GEOLOGICAL SETTING AND HISTORY OF THE WEYBURN FIELD Return to TOC

The Weyburn oil field is located southeast of Weyburn, Saskatchewan, within the north-central Williston Basin, which contains shallow marine sediments of Cambrian to Tertiary age (Fig.1). The Weyburn field, which covers ∼180 km2, was discovered in 1954 and hosted an estimated 1.4 billion barrels of oil. Primary production within the field continued until 1964, when the initiation of waterflood resulted in oil production peaking at 46,000 barrels/day in 1965. Waterflood has continued since then, with horizontal infill drilling commencing in 1991. Approximately 24% of the original oil in place had been recovered by 2000 when CO2 injection began.

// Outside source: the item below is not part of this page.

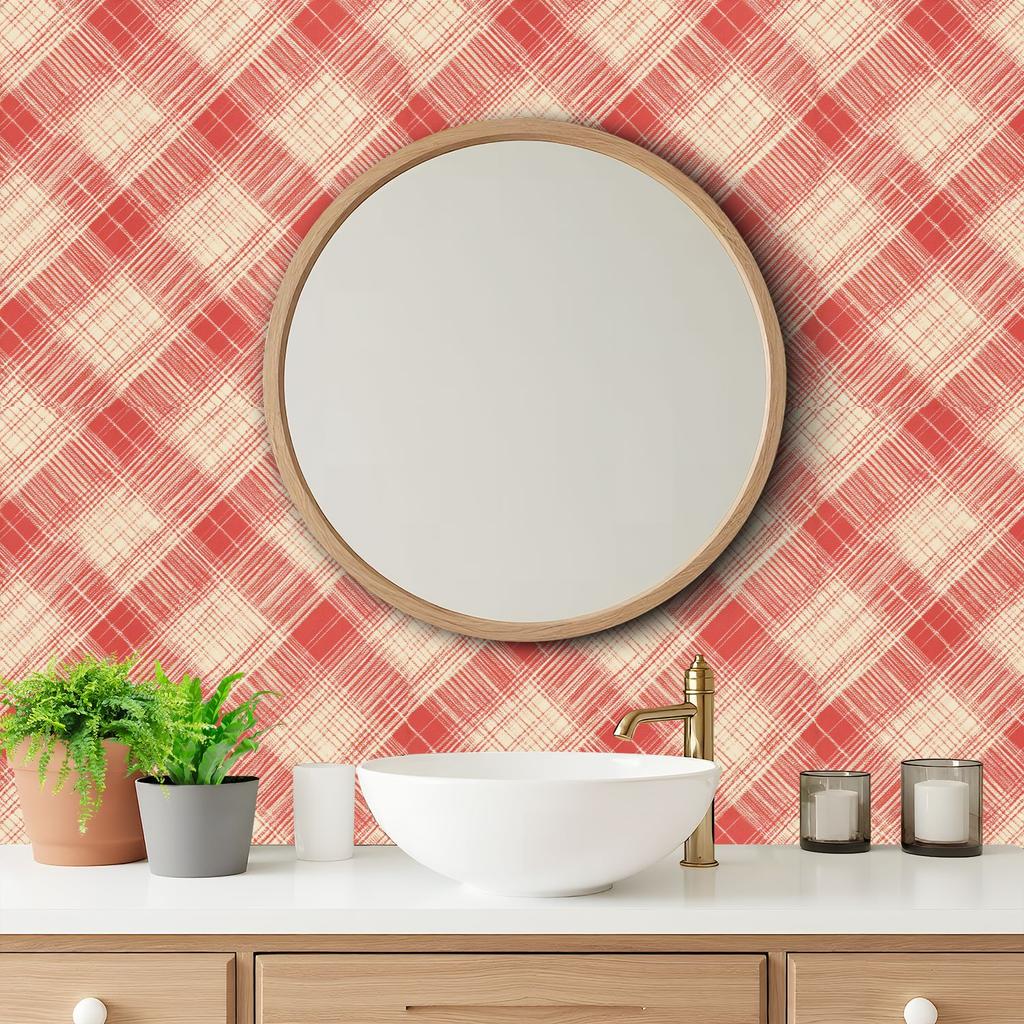 Red Beige Plaid Wallpaper 22.83"X118" Waterproof Wallpaper for Living Room/Bedroom/Bathroom PVC Wall Sticker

Weyburn oil reserves reside within a thin zone (maximum thickness of 30 m) of fractured carbonates in the Midale beds (Fig. 2) of the Mississippian Charles Formation, which were deposited in a shallow carbonate shelf environment. The reservoir comprises two intervals, an upper Marly dolostone (0–10 m thick) and lower Vuggy limestone (0–20 m thick) that are sealed by anhydritic dolostones and anhydrites of the Midale Evaporite. The Midale Marly unit ranges from chalky dolomudstone to calcitic biofragmental dolostone with intervening thin beds of biofragmental limestone. The fractured, Vuggy unit includes a lower, peritidal “shoal” sequence with common secondary (vuggy) porosity, and an upper shallow marine “intershoal” sequence dominated by fine-grained carbonate sands. The Midale Marly has relatively high porosity (16%–38%) and low permeability (1 to >50 millidarcy), whereas the Midale Vuggy has relatively lower porosity (8%–20%) and higher permeability (10 to >300 millidarcy). The higher permeability within the Vuggy unit resulted in preferential recovery of oil from this unit during the waterflood stage of production.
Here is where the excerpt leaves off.